- The paper introduces Hierarchical Diffusion Policy (HDP), a novel imitation learning method that uses a two-layer diffusion model (Guider and Actor) to improve performance and controllability, particularly in contact-rich robot manipulation tasks.
- HDP features technical innovations like snapshot gradient optimization, 3D conditioning, and prompt guidance, leading to superior interpretability and allowing human intervention via specified contact objectives.
- Evaluations demonstrate HDP significantly outperforms Diffusion Policy by an average of 20.8% across various simulated and real-world tasks, showcasing its robustness with different objects and operations.
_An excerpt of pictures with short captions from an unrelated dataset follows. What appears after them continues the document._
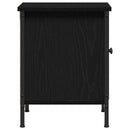 TV-skab 60 x 35 x 45 cm Sort eg Konstrueret træ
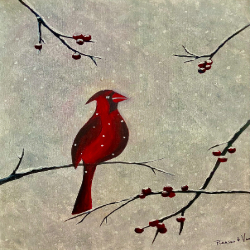 Picture of Painting Party - The Cardinal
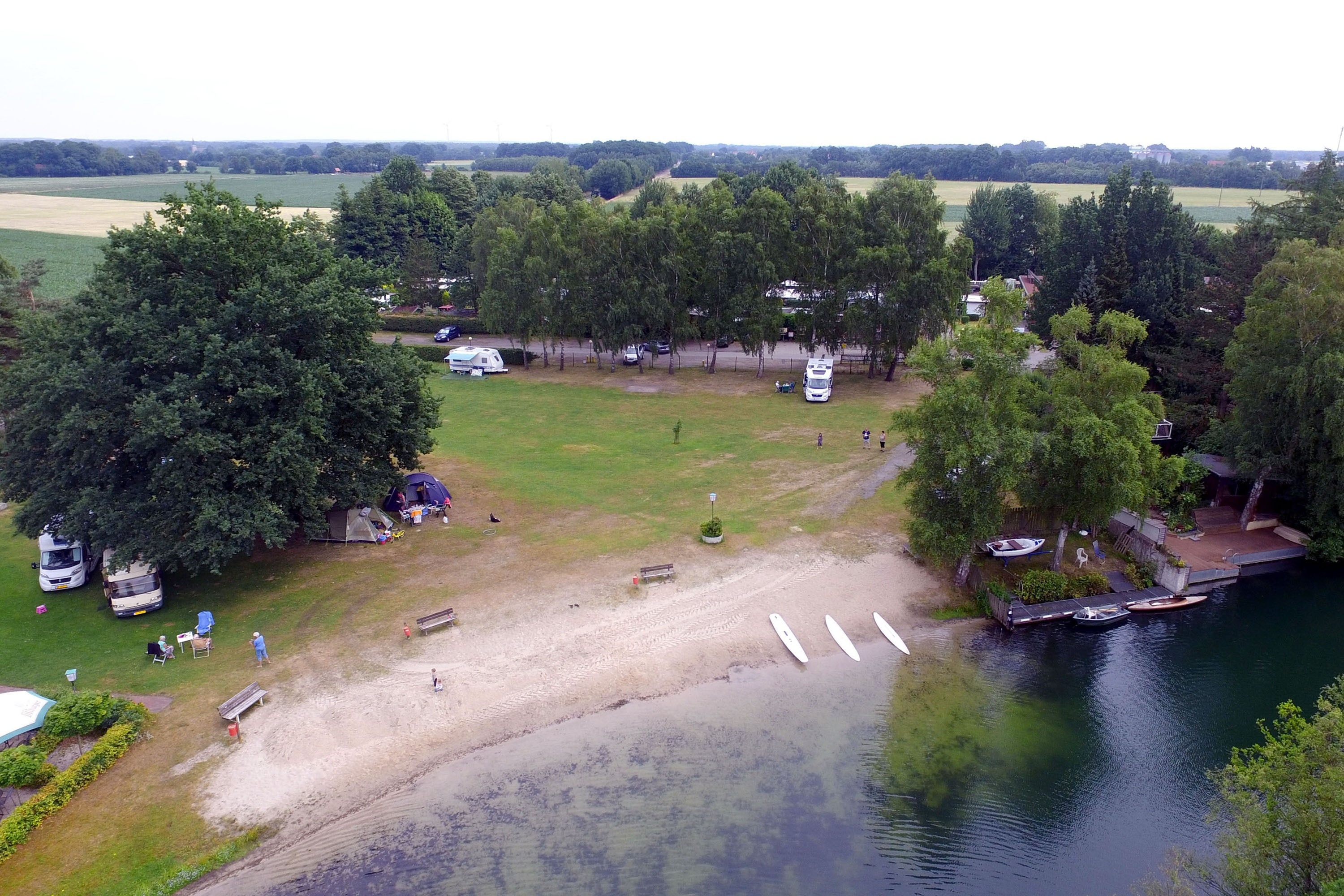 Camping Blauer See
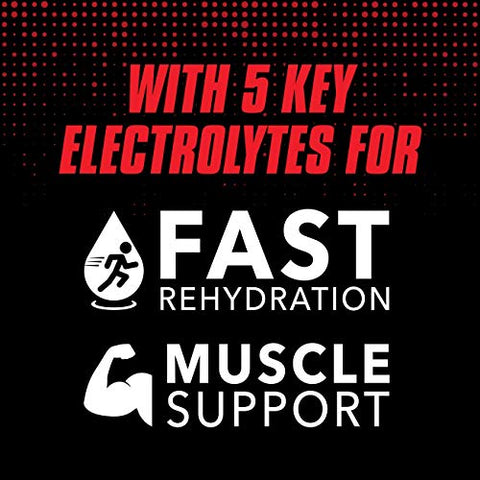 Sport Pó Eletrolítico, Hidratação Rápida com 5 Eletrólitos Essenciais para Suporte Muscular Antes e Durante o Exercício - Pedialyte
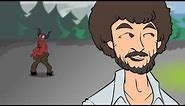 Bob Ross Beats the Devil Out of It 1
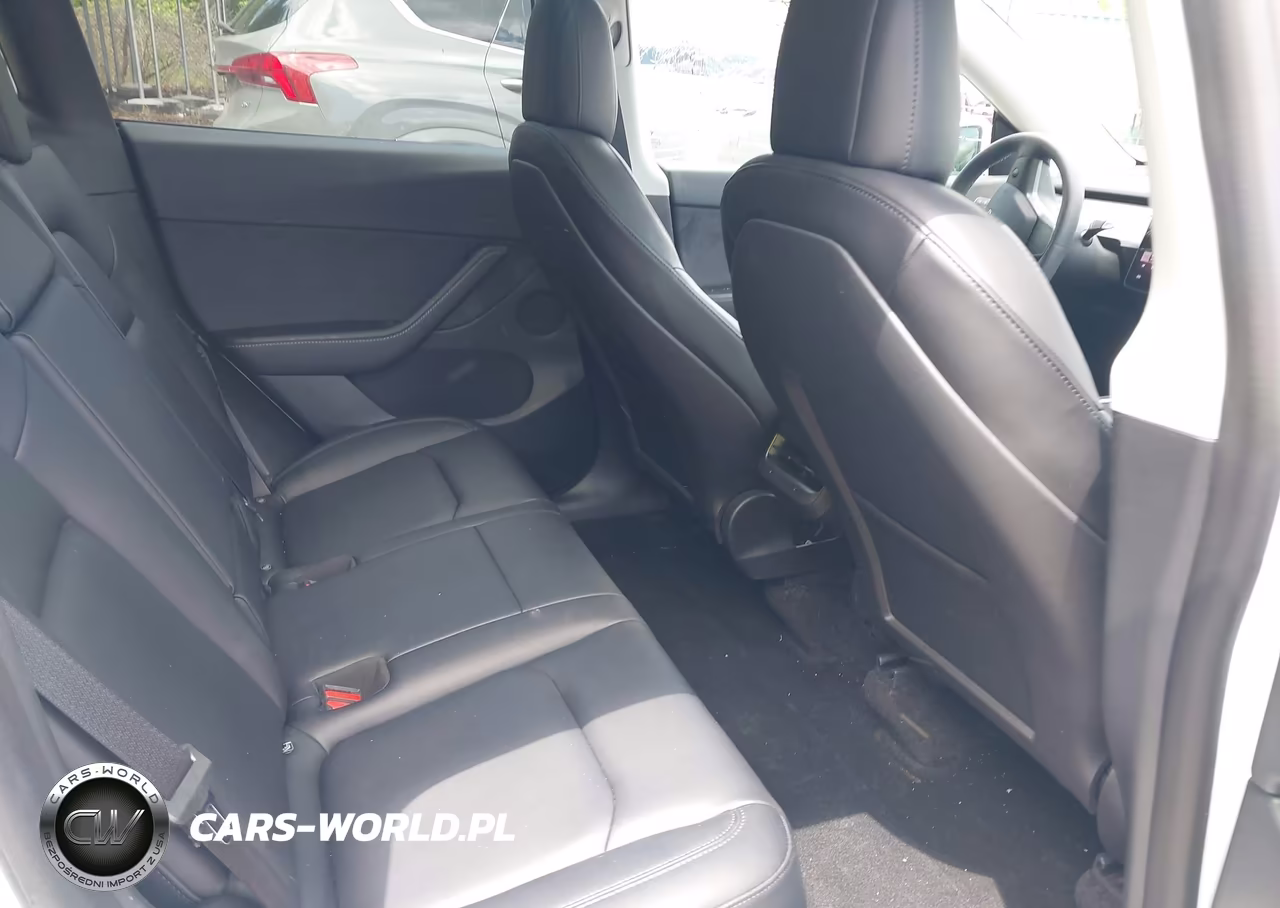 2022 Tesla Model Y Long Range Dual Motor All-Wheel Drive VIN:7SAYGDEE0NF390037 - 8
This paper introduces Hierarchical Diffusion Policy (HDP), a novel imitation learning method for robot manipulation trajectory generation, especially in contact-rich tasks. HDP addresses the limitations of end-to-end policies, like Diffusion Policy, which struggle with tasks involving rich contacts and have limited controllability.
HDP employs a hierarchical approach, dividing the policy into two layers: a high-level policy (Guider) and a low-level policy (Actor). The Guider predicts the contact position for the robot's next object manipulation based on 3D information, while the Actor predicts the action sequence required to reach the predicted contact, using observations and contact information as input. Both policies are modeled as conditional denoising diffusion processes. The Actor is optimized using a combination of behavioral cloning and Q-learning, enabling it to accurately guide actions towards the desired contact while learning the conditional probability distribution of actions.
The paper highlights three key advantages of HDP: superior performance due to breaking down the task, greater interpretability because of the hierarchical structure, and stronger controllability, allowing human intervention via specifying objective contact positions.
To further improve HDP, the paper presents three technical contributions:
- Snapshot gradient optimization: A faster training method where the gradient is calculated at only one timestep in the diffusion process per iteration, in contrast to prior work's less efficient method of calculating the gradient at all timesteps.
- 3D conditioning: Improves the policy's perception by using 3D point clouds to represent the state. The point cloud representation is extracted once and used throughout the denoising iterations.
- Prompt guidance: Allows manual specification of objective contacts to generate customized operation trajectories, improving human-machine interaction.
The HDP was evaluated across six different tasks and showed significant performance improvements over Diffusion Policy, with an average improvement of 20.8%. Real-world experiments demonstrate that HDP can handle both rigid and deformable objects. The authors also provide detailed analysis of the algorithm's characteristics and design decisions.
The evaluation includes comparisons with LSTM-GMM, IBC, and BET, in addition to Diffusion Policy. HDP was tested in both simulated and real-world environments, with varying action space dimensions (2DOF to 6DOF), prehensile and non-prehensile operations, and with rigid and deformable objects. The demonstrations used for training were collected by both single and multiple users. The results indicate that HDP outperforms existing methods in terms of success rate and robustness.
The paper also investigates the importance of phased objective contacts, a 3D vision encoder, and Q-learning action steps. The benefits of HDP also include its ability to decompose multi-modal action distributions and provide a framework for prompt guidance.